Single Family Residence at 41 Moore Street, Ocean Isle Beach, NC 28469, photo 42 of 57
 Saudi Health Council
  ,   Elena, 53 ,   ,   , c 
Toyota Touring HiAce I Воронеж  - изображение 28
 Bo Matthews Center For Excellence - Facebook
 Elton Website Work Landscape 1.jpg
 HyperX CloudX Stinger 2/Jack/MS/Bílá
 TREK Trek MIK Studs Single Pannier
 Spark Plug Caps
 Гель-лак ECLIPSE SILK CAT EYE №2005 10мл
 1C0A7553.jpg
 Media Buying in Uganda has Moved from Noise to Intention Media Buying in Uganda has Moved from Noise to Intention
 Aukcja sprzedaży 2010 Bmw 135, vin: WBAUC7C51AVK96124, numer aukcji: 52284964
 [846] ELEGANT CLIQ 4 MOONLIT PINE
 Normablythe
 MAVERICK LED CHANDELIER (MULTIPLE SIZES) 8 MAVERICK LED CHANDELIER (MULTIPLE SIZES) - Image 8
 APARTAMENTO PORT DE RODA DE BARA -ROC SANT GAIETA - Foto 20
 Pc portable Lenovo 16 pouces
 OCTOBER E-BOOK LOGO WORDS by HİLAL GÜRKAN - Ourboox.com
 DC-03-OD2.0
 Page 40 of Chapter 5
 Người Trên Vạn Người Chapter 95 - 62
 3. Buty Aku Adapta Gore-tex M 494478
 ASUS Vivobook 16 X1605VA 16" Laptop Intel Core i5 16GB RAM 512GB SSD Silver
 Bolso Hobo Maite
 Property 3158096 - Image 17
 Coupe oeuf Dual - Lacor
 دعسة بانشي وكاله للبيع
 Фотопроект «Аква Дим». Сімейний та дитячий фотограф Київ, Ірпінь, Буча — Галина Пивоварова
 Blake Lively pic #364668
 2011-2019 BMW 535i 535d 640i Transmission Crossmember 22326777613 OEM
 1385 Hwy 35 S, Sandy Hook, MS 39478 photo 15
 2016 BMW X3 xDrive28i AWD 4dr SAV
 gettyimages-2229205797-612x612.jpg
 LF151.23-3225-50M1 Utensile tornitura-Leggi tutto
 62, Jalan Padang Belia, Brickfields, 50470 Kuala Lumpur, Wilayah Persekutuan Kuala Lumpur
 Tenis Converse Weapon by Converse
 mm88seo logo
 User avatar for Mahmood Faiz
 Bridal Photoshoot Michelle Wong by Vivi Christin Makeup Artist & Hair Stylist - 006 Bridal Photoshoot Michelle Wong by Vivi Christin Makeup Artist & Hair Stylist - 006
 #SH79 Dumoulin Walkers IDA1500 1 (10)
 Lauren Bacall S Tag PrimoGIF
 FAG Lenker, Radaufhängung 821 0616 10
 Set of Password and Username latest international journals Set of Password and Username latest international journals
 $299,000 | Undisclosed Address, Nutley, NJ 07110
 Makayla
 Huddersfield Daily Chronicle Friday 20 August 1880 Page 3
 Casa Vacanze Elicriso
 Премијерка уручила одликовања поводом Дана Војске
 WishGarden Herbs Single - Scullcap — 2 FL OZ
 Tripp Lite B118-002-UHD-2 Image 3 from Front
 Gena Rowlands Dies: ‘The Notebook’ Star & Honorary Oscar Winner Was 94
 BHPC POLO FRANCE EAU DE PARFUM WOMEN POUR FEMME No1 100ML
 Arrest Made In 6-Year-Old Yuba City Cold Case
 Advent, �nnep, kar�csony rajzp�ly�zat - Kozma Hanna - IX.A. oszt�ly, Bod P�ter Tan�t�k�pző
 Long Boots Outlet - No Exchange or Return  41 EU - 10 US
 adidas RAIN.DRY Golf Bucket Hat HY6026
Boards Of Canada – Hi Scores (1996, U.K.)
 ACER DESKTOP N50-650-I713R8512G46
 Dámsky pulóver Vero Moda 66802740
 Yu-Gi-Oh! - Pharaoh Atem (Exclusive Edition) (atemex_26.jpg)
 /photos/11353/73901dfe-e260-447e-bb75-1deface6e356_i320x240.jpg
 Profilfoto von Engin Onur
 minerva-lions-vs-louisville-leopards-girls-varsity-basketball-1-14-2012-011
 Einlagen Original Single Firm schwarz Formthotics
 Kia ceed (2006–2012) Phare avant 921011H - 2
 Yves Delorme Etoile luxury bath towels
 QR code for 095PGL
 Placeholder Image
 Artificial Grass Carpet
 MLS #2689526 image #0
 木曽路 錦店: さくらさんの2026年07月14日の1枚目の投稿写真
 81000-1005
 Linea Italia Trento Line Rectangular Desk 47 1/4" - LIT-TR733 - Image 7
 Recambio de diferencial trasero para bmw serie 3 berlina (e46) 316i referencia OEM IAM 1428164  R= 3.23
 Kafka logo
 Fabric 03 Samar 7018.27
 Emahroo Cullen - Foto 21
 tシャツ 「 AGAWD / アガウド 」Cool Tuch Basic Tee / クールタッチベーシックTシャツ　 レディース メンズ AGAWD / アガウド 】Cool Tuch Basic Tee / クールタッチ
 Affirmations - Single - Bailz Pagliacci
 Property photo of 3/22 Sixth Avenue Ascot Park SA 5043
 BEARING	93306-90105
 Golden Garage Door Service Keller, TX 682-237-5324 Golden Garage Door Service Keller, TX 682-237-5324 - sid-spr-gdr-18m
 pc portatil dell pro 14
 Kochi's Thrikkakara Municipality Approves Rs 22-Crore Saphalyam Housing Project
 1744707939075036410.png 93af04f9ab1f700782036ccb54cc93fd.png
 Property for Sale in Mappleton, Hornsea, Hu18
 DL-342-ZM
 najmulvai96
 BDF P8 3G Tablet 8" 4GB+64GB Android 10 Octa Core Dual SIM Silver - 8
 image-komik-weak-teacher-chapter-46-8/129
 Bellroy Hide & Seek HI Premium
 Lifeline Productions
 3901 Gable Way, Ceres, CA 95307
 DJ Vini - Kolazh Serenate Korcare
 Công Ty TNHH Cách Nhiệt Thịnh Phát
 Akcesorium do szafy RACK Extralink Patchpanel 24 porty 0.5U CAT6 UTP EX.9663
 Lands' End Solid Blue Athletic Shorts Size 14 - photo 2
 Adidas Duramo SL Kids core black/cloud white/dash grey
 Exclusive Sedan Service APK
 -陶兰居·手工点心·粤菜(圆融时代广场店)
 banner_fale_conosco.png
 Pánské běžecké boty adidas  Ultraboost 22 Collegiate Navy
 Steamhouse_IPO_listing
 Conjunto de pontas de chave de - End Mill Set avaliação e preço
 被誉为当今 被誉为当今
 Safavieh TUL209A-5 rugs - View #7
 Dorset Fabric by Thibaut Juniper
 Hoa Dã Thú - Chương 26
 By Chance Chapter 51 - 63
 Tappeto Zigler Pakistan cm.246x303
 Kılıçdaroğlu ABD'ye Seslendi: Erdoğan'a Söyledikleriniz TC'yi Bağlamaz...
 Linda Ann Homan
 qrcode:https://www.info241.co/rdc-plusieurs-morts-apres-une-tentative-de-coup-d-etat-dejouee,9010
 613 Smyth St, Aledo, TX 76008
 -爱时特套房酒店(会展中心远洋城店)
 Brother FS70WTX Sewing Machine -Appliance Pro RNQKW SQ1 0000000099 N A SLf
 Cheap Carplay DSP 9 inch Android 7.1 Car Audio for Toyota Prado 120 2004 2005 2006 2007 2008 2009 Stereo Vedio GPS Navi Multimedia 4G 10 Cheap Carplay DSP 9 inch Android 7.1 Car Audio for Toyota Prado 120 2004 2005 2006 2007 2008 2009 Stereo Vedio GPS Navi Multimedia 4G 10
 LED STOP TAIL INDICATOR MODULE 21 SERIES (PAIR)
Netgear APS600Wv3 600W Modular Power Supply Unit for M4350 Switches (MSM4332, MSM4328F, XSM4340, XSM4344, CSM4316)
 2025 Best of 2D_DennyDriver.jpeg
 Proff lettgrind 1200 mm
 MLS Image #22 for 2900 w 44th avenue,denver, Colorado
· · · · ·
**Problem details**
What is needed is a verbatim copy of every line in the records above from the one containing "LF151.23-3225-50M1 Utensile tornitura-Leggi" down to the one containing "Advent, �nnep, kar�csony", both included, and nothing more.

**Answer for the task**
 LF151.23-3225-50M1 Utensile tornitura-Leggi tutto
 62, Jalan Padang Belia, Brickfields, 50470 Kuala Lumpur, Wilayah Persekutuan Kuala Lumpur
 Tenis Converse Weapon by Converse
 mm88seo logo
 User avatar for Mahmood Faiz
 Bridal Photoshoot Michelle Wong by Vivi Christin Makeup Artist & Hair Stylist - 006 Bridal Photoshoot Michelle Wong by Vivi Christin Makeup Artist & Hair Stylist - 006
 #SH79 Dumoulin Walkers IDA1500 1 (10)
 Lauren Bacall S Tag PrimoGIF
 FAG Lenker, Radaufhängung 821 0616 10
 Set of Password and Username latest international journals Set of Password and Username latest international journals
 $299,000 | Undisclosed Address, Nutley, NJ 07110
 Makayla
 Huddersfield Daily Chronicle Friday 20 August 1880 Page 3
 Casa Vacanze Elicriso
 Премијерка уручила одликовања поводом Дана Војске
 WishGarden Herbs Single - Scullcap — 2 FL OZ
 Tripp Lite B118-002-UHD-2 Image 3 from Front
 Gena Rowlands Dies: ‘The Notebook’ Star & Honorary Oscar Winner Was 94
 BHPC POLO FRANCE EAU DE PARFUM WOMEN POUR FEMME No1 100ML
 Arrest Made In 6-Year-Old Yuba City Cold Case
 Advent, �nnep, kar�csony rajzp�ly�zat - Kozma Hanna - IX.A. oszt�ly, Bod P�ter Tan�t�k�pző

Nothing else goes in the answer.